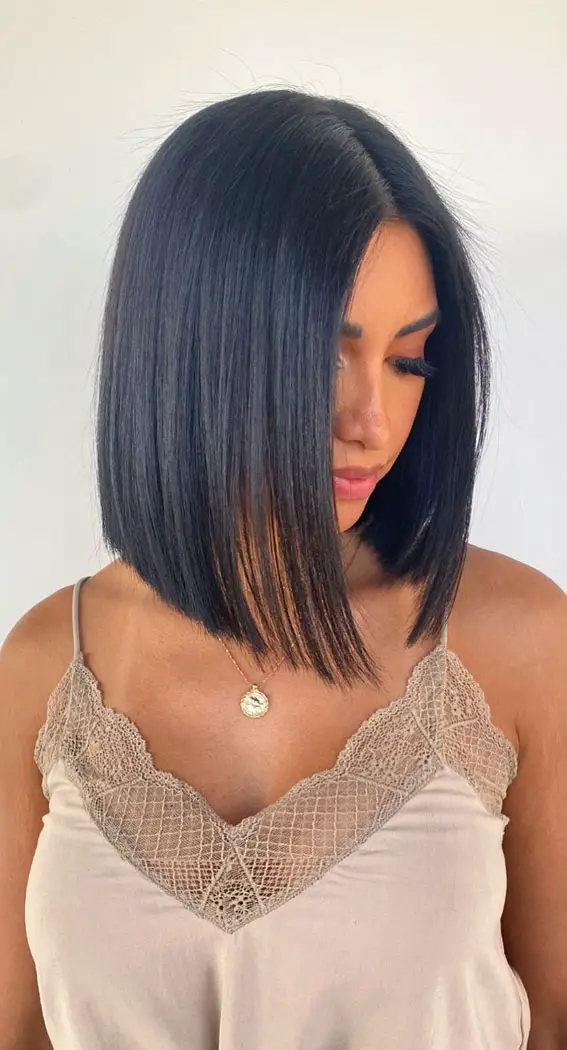 Sleek Dark Brown Collarbone Bob Sleek Dark Brown Collarbone Bob — Winter Bob Haircuts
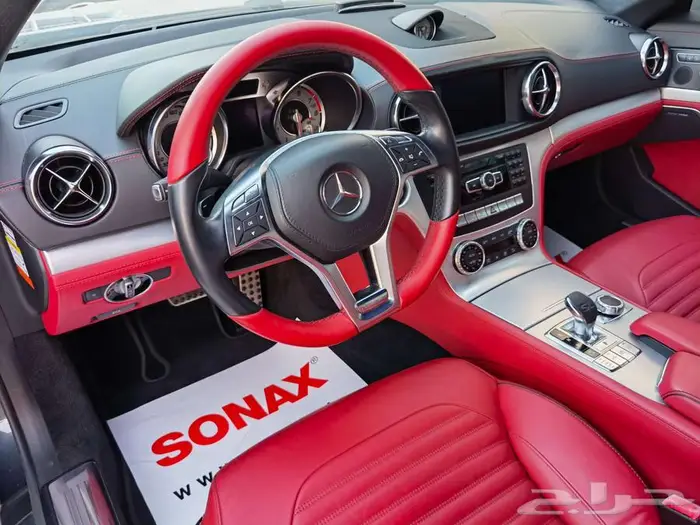 Mercedes SL550 كشف لون مميز من النوادر 1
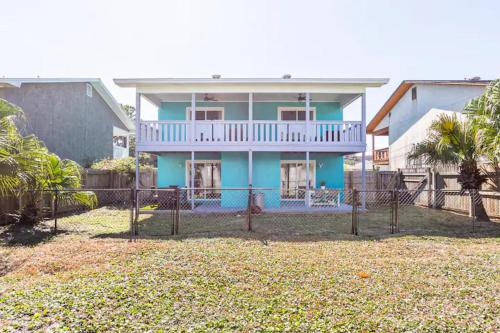 Pinetree Oasis - Unit A & B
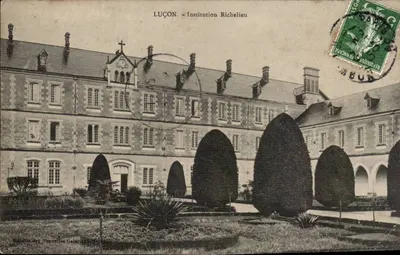 Luçon - Instituição Richelieu — Edição das Novas Galerias, n° 41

▸ **WHAT THE TASK REQUIRES**: Word for word, restate the lines from the one containing "Pinetree Oasis - Unit A & B" through the end of the listing, and nothing more. Skip the pictures.

▸ **EXERCISE SOLUTION**:
 Pinetree Oasis - Unit A & B
 Luçon - Instituição Richelieu — Edição das Novas Galerias, n° 41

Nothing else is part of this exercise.